### Records to use
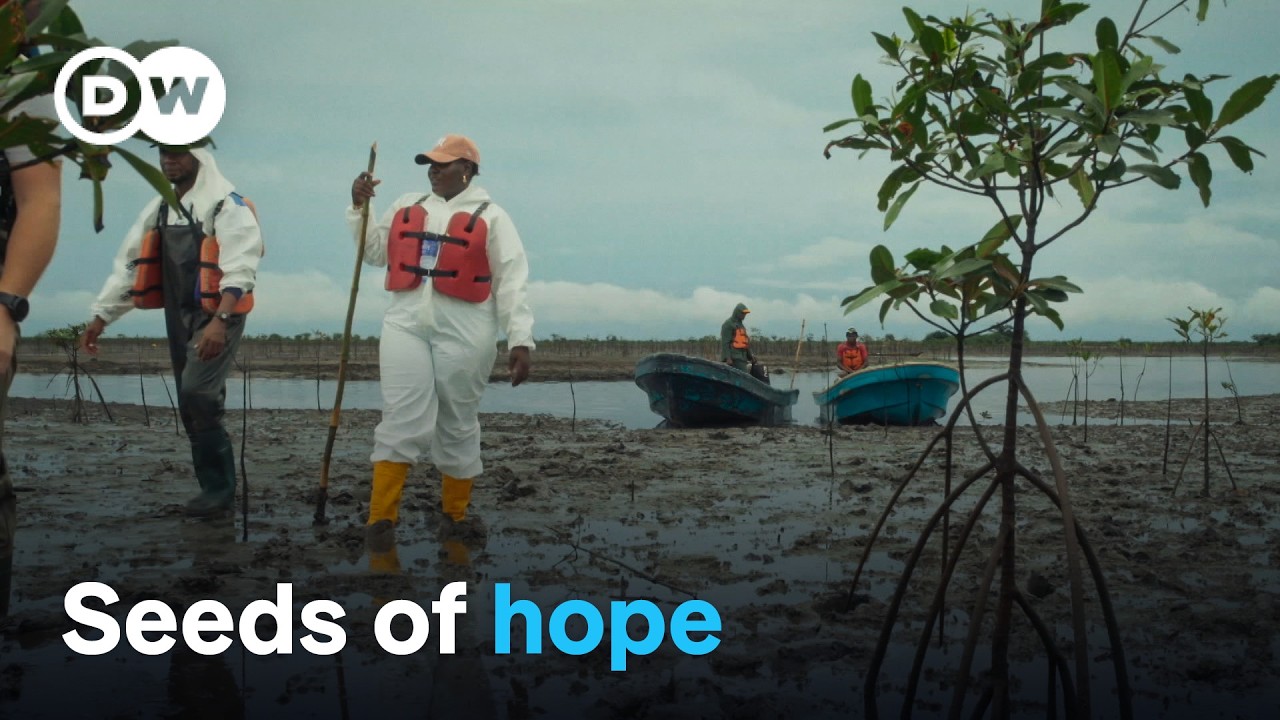 Shell's Niger Delta Oil Spills: Health & Legal Battle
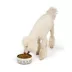 Top Paw® Black & White Ceramic Dog Bowl 64 FL OZ image thumbnail 6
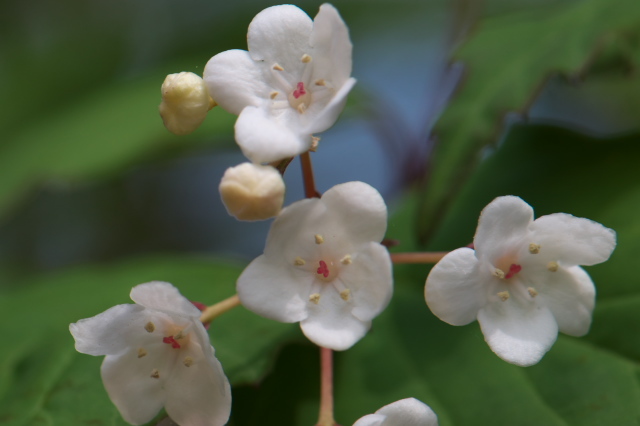 オトコヨウゾメの可愛い花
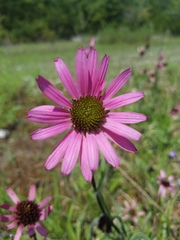 Echinacea tennesseensis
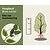 Carpinus betulus - blote wortel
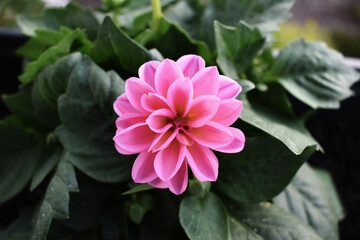 Fototapeta premium a beautiful very detailed symmetric pink purple flower in the middle with deep dark green leaves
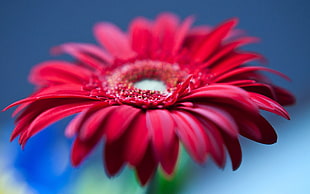 macro photography of red Aster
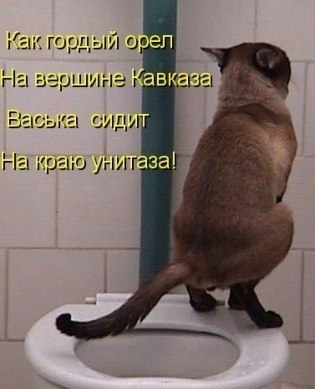   https://fotostrana.ru/away?to=/sl/KE2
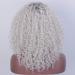 HBINGBING Synthetic Short Grey Wig for Women | Afro Kinky Curly & Brown Wigs | High Temperature Fiber - Buy Online on GoSupps.com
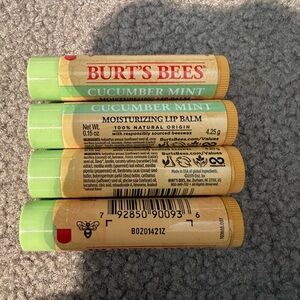 Burt's Bees 4 Pk cucumber mint moisturizing natural lip balm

### Aim of the exercise
With pictures left out, transcribe each line from the one containing "Echinacea tennesseensis" through the end of the data, both ends included.

### Output
 Echinacea tennesseensis
 Carpinus betulus - blote wortel
 Fototapeta premium a beautiful very detailed symmetric pink purple flower in the middle with deep dark green leaves
 macro photography of red Aster
   https://fotostrana.ru/away?to=/sl/KE2
 HBINGBING Synthetic Short Grey Wig for Women | Afro Kinky Curly & Brown Wigs | High Temperature Fiber - Buy Online on GoSupps.com
 Burt's Bees 4 Pk cucumber mint moisturizing natural lip balm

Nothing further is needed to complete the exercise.